This paper proposes a new randomized optimization method for solving high-dimensional problems. The paper is well written and the authors demonstrate the efficacy of their methods with strong theoretical guarantees and extensive experiments to back up their claims. The authors use standard results from Fenchel duality of the dual problem and its adaptively sketched counterpart to bound the relative error with high probability. The relative error bounds are shown for high dimensional matrix with finite rank, exponentially and polynomially decaying eigenvalues. The adaptive sketching method significantly outperforms its oblivious sketching counterpart for different decay values. The sketched matrix is computed exactly once and with probability 1 achieves better condition number. However, computing it involves a matrix inversion step that needs m^3 computations, is there a way to approximate it for problems which might need large m. Moreover, will the approximation still satisfy Proposition 3 upto a certain multiplicative factor? On the contrary, for small m, will dynamically modifying the sketching matrix lead to even tighter bounds? While the experiments indicate that sketch based methods indeed converge quickly to their optimal solutions, it is unclear if SGD (without sketching) converges to the same solution or if it performs better (albeit after a longer time). It will be interesting to compare the test accuracy vs wall-clock time of MNIST and CIFAR10 with oblivious sketching and other methods The authors claim that the sketch method did not work well with SGD, did the authors experiment with relatively large mini-batch sizes which may resolve the issue of not approaching the minimizer accurately. Post rebuttal: In light of the rebuttal posted by the authors, I would like to keep my current score.

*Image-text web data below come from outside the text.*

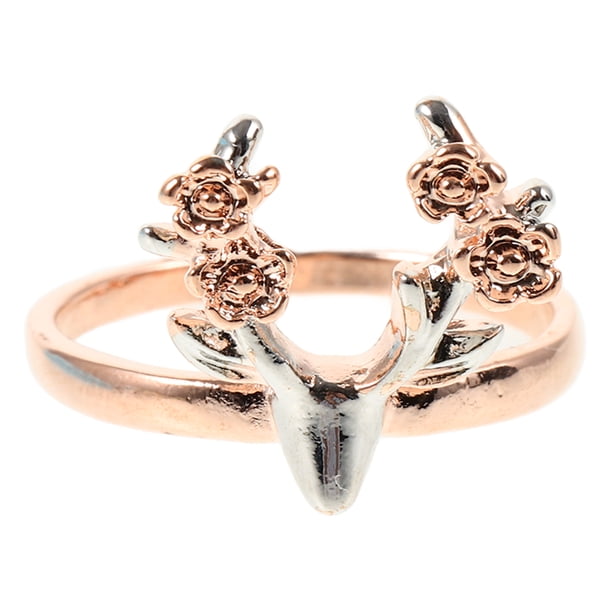 Anillo de asta de ciervo vintage, anillo de oro rosa con flor, regalo de Navidad para mujer (n.° 10)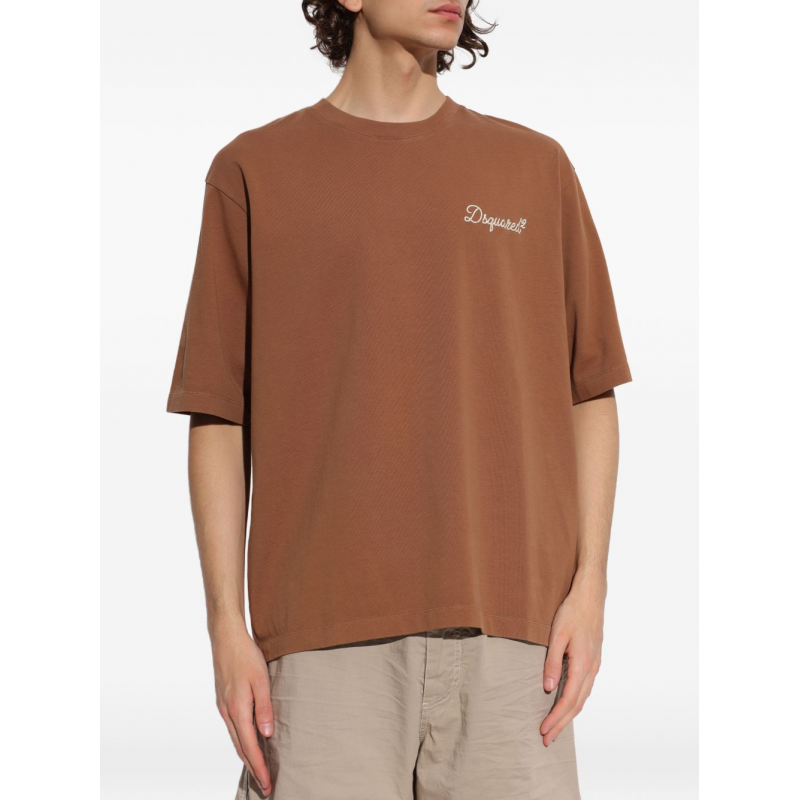 Dsquared2 t-shirt braun man logo bestickt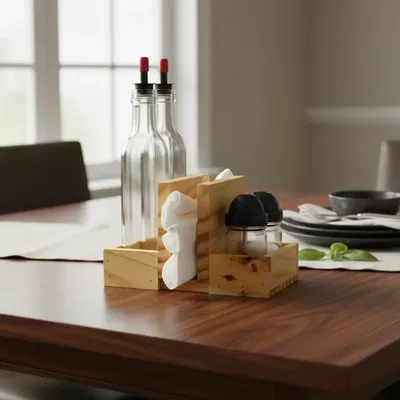 Servilletero Madera + 2 Especieros + 2 Condimenteros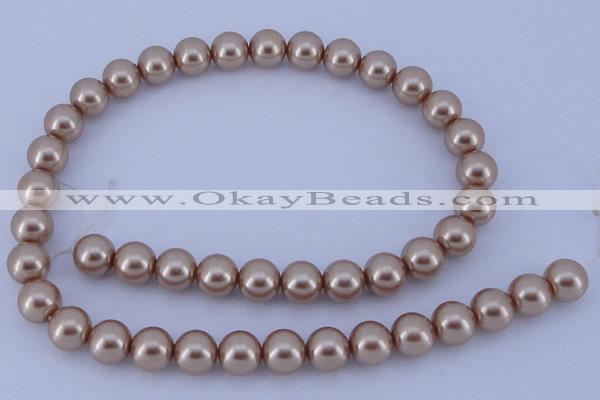 CGL355 5PCS 16 inches 10mm round dyed glass pearl beads wholesale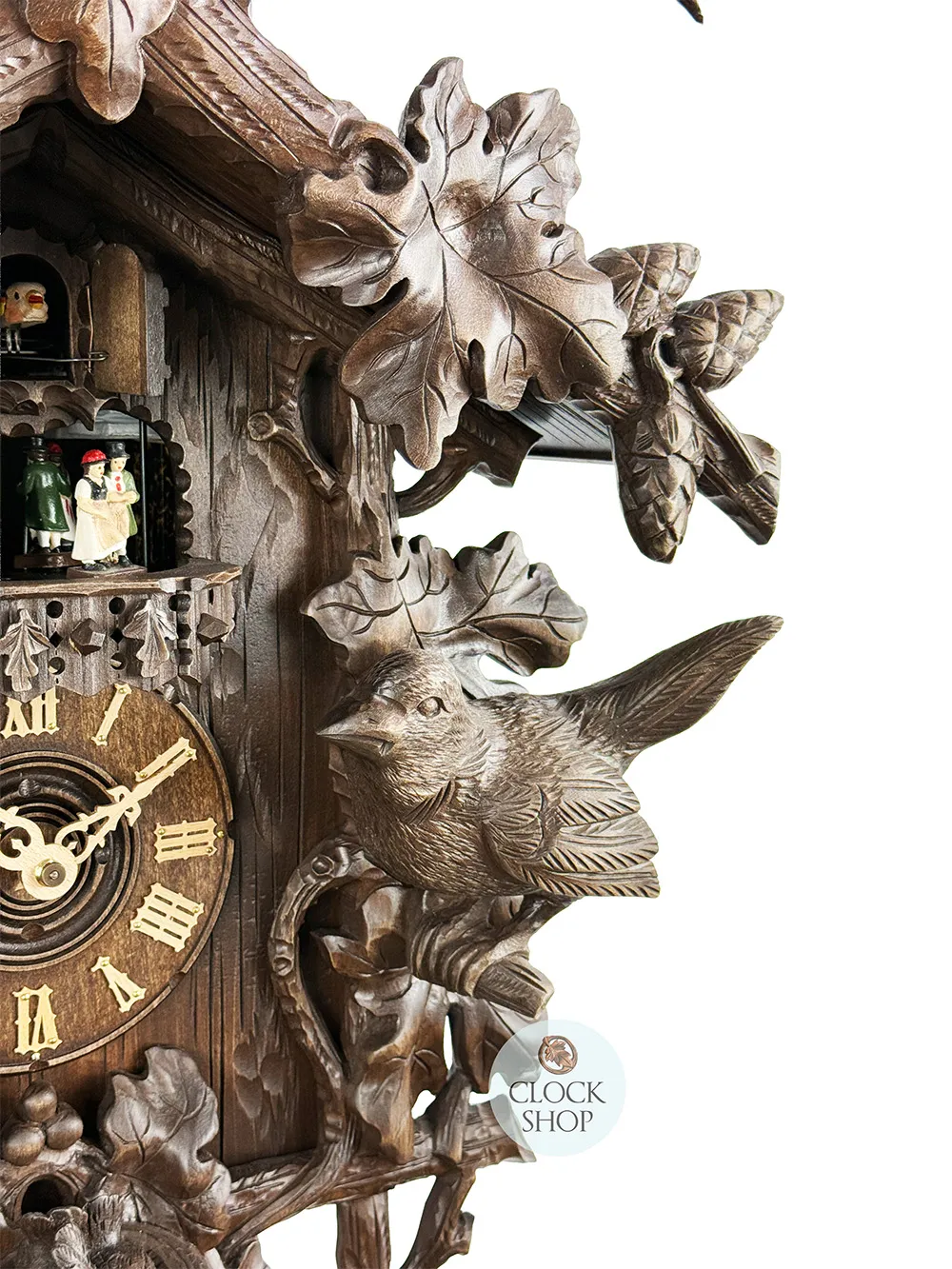 Love Birds 8 Day Mechanical Carved Cuckoo Clock With Dancers 62cm By HERR image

Update after rebuttal: Thanks for clarifications on SGD and other baselines. Please make sure to add these experimental results in future versions of the paper. ---------------------------------------------------------------------------------------------------------- Most of my comments are on the empirical results: 1) Experiments in Section 5: While the experimental results in Section 5 suggest that the proposed technique is fast compared to direct optimization of the original objective, it is not clear how much it improves over the baselines such as oblivious Gaussian sketching. Since classification accuracy is used as the error metric (and not parameter recovery error), it could be possible oblivious sketching will have similar performance as adaptive sketching. So the authors should compare their approach with other sketching baselines and Nystrom method. The authors also point out that SGD didn't work well for adaptive sketching. This sounds slightly concerning because, for really high dimensional problems, where one has to use a large sketching dimension, Newtons method would be slower than SGD. So, it'd be great if the authors perform more experiments on the robustness of other baselines and the proposed method to the choice of optimizer used. What value of lambda is used for synthetic experiments in Figure 1? It looks like lambda = 0 is used. If this is the case, logistic regression on separable data wouldn't have a minimizer (the norm of its iterates diverges). So shouldn't the relative error keep diverging as well? 2) While the theoretical results look interesting, it is not clear why this particular form of adaptive sketching works. So it'd be great if the authors provide some intuition for why the proposed approach works. 3) Clarity: I feel the organization of the paper could be slightly improved. Some parts in the paper which are not so important (e.g., remark 1) can be pushed to the appendix and more discussion can be added to section 4. It'd be good if the authors provide some discussion on how the proposed method compares with other techniques for accelerating kernel methods such as random fourier features, nystrom methods.